High-performing data services are at the heart of research activities at CERN . CERN data services support a worldwide community of more than 10,000 researchers and engineers exploring the fundamental structure of the universe using complex scientific instruments, such as the Large Hadron Collider (LHC), the world’s largest and most powerful particle accelerator.
Lamanna is responsible for all the disk-data management operations at CERN. He is responsible for managing the data from the LHC experiments to the CERN computer centres; for the CERN disk farm exchanges with collaborating centres world-wide; for serving data to be processed and recorded to tape; and enabling thousands of physicists for the final data analysis.
For the past couple of years, AARNet engineers have been collaborating with the CERN IT Storage Group to test distributed deployments. The AARNet network’s capabilities for moving huge volumes of data across Australia’s vast continent helps to inform research for advancing networking and data services for science.

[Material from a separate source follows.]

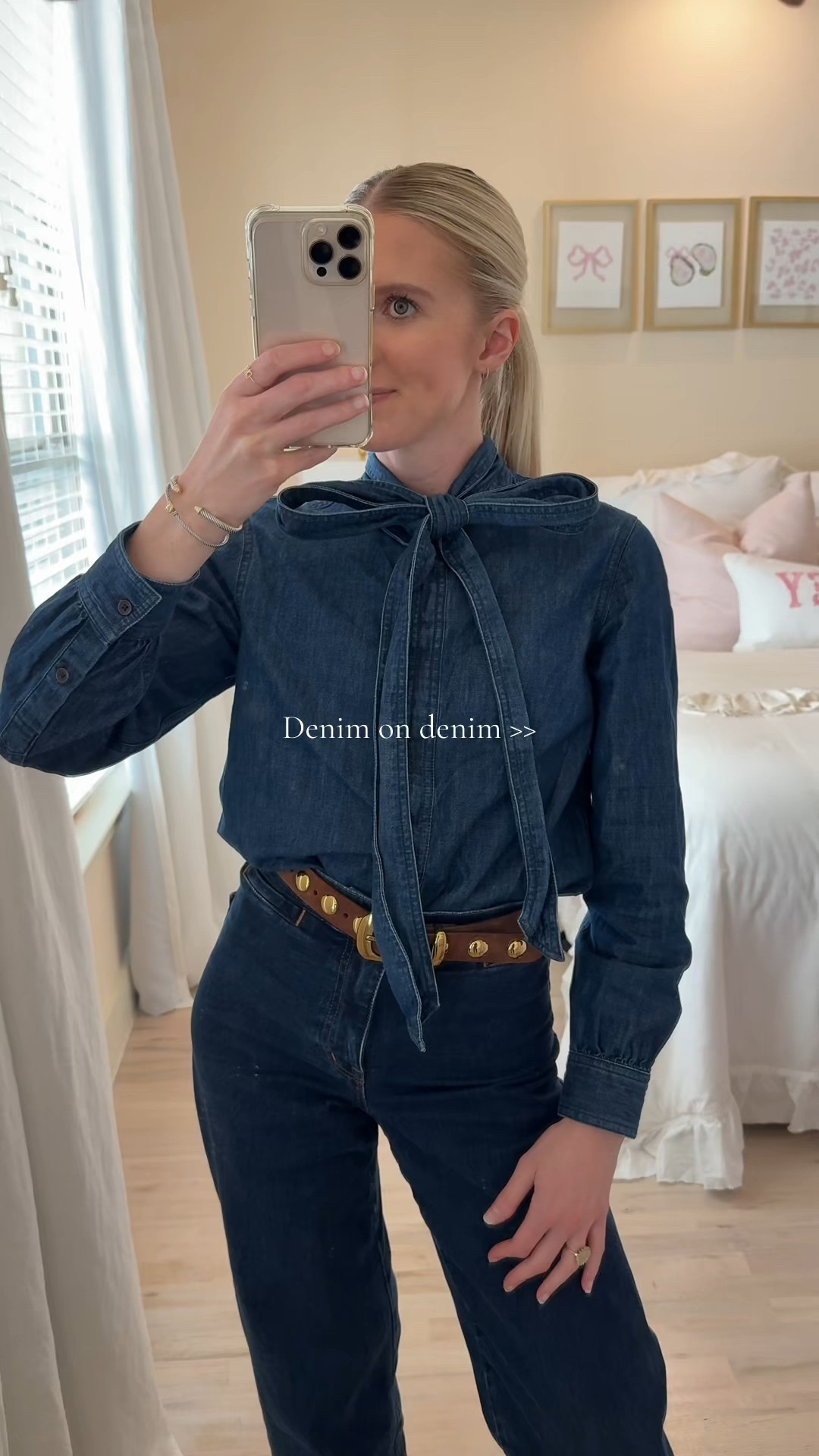 Denim // denim top // madewell 

#LTKFindsUnder100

Here’s some key information Lamanna shared at QUESTnet 2016.
Data Services for Big Data
In 2015, more than 30 petabytes (PB) of LHC data were routed to tape for long-term archival, processed by the CERN 200,000-core farm and redistributed across the 200+ sites of the Worldwide LHC Computing Grid, including a site in Australia at the University of Melbourne. Daily data production and analysis involves 1000s of researchers and CERN systems routinely sustain input and output transfers integrating many tens of gigabits per second.
With the 2016 data taking in full swing, the CERN Advanced Storage (CASTOR) tape archive has now exceeded the 150 PB mark.

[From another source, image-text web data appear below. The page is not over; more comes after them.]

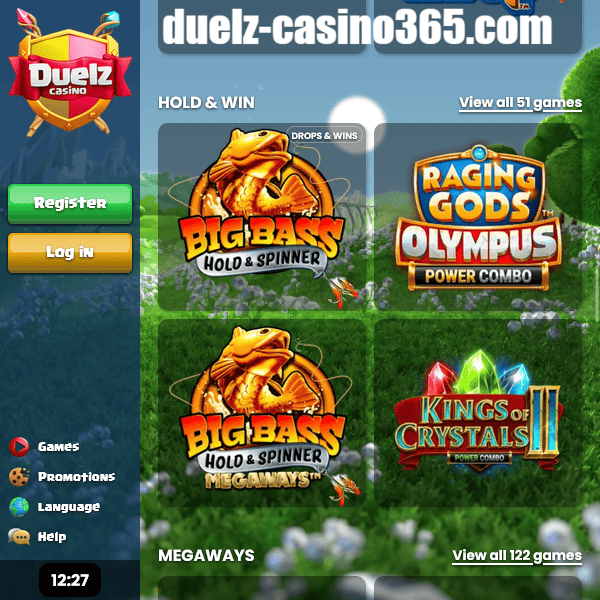 Duelz Casino fishing themed slots selection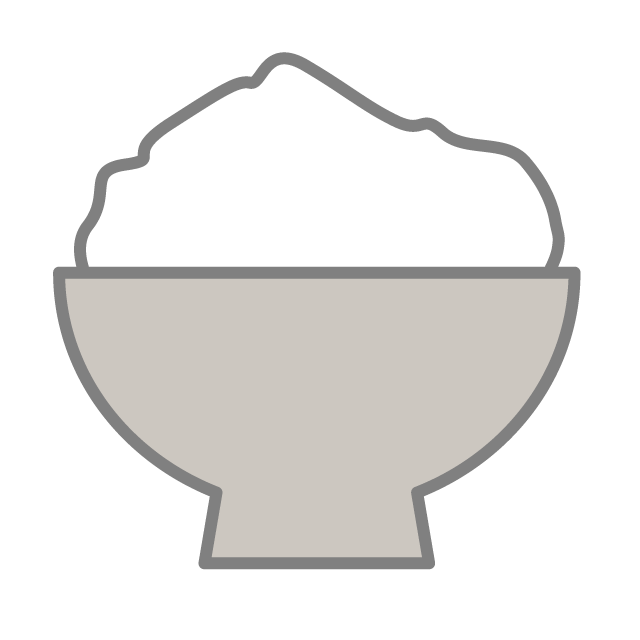 ご飯｜白米 - 挿絵 / クリップアート / 無料 / 家電 / 乗り物 / 動物 / 家具 / イラスト / ダウンロード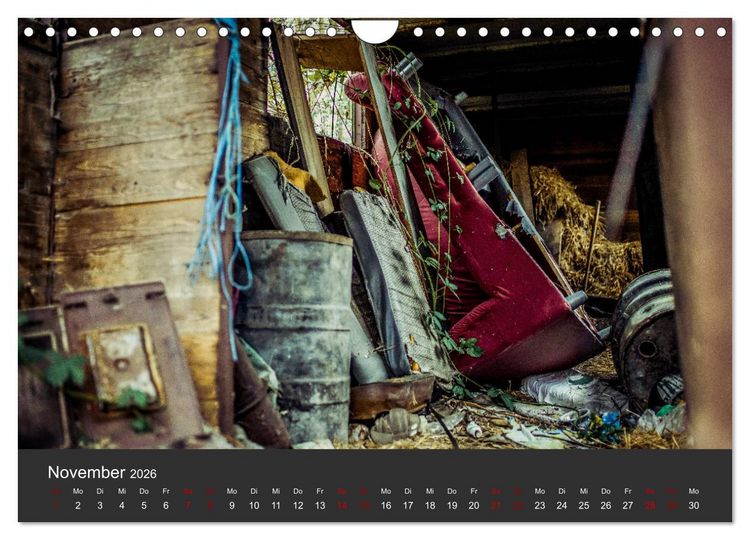 Produktbild: Verlassene Orte - Ein Lost Places Kalender (Wandkalender 2026 DIN A4 quer), CALVENDO Monatskalender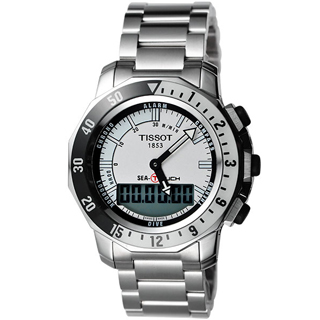 【TISSOT】SEA-TOUCH 觸控多功能潛水錶-白(T0264201103100)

To manage user access and analysis for this massive volume of data the CERN IT Storage group has developed new services: EOS and CERNBox.
EOS is the high-performance storage solution for batch processing and data analysis, controlling a farm of over 150-PB of disks, and CERNBox is the cloud synchronisation service for CERN users that interconnects with EOS, and with a count of approximately 5000 users to date, it is rapidly gaining wide acceptance within the CERN community.

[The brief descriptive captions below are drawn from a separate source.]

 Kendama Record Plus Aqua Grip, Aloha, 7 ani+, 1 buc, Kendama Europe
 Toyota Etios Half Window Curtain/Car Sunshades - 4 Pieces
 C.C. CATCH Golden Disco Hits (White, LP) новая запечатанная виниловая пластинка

EOS – a low latency storage infrastructure service for physics users
EOS is an open software storage solution developed at CERN to deliver affordable commodity storage to scale to meet the growing requirements of CERN experiments.
It provides high data availability and high concurrent access for a variety of use cases and work-flows. Presently EOS installations span two distinct sites (22 ms-latency across 3 distinct 100-Gbps links).
The physicists from CERN experiments see a single hierarchy of files with sharing capabilities and fine-grained ACLs; data managers benefit from optimised data access (closest file replica) for their large-scale heavy-duty batch processing; and the operations team manages single installations across the two CERN sites with tuneable quality of service.
CERNBox – the cloud storage service for CERN users.
Physicists and other CERN users were using public cloud services to exchange documents and other information about experiments, so it made sense to develop an in-house service that would be as easy to use but ensure information remained on site while meeting the unique needs of CERN users.
CERNBox is based on ownCloud for the synchronisation and sharing layer and on EOS for the actual storage and transfer layer. CERNBox coupled with EOS supports the traditional synchronisation and share use cases, while allowing full access to the entire CERN data repository as needed, for example, in the case of massive data analysis.
EOS has been showing its excellence in the multi-Petabyte high-concurrency regime. It has also shown disruptive potential by enabling the CERNBox service to provide synchronisation and sharing capabilities at a new scale.
CERNBox/EOS has also generated interest as a generic storage solution, ranging from university systems to very large installations for non-High Energy Physics research areas, such as satellite imaging and in partnership with the European Commission’s Joint Research Centre, for the Copernicus project. CERNBox is also used by a United Nations agency for training and research for emergency response activities.
For AARNet, access to the architecture and learnings behind the development of CERNBox has been invaluable for informing the development of the architecture for the AARNet CloudStor service for the research and education sector.
Joining forces with AARNet to pilot a wide-area distributed deployment of EOS
Collaborations include piloting a wide-area distributed deployment in collaboration with AARNet. Demonstrations to date include a single EOS instance with 300-ms latencies across storage nodes spanning across Europe, Asia and Australia.
In partnership with CERN and other collaborators, AARNet is a participant in the OpenCloudMesh project led by GEANT(the pan-European network). This project aims to enable global interconnected private clouds for research and education.
SWAN – service for web-based analysis
CERN is launching SWAN (Service for Web based Analysis), a platform to perform interactive data analysis in the cloud (via web browser). This service has great potential not only for researchers but as an education outreach tool, enabling students to interact with data from the LHC in real time.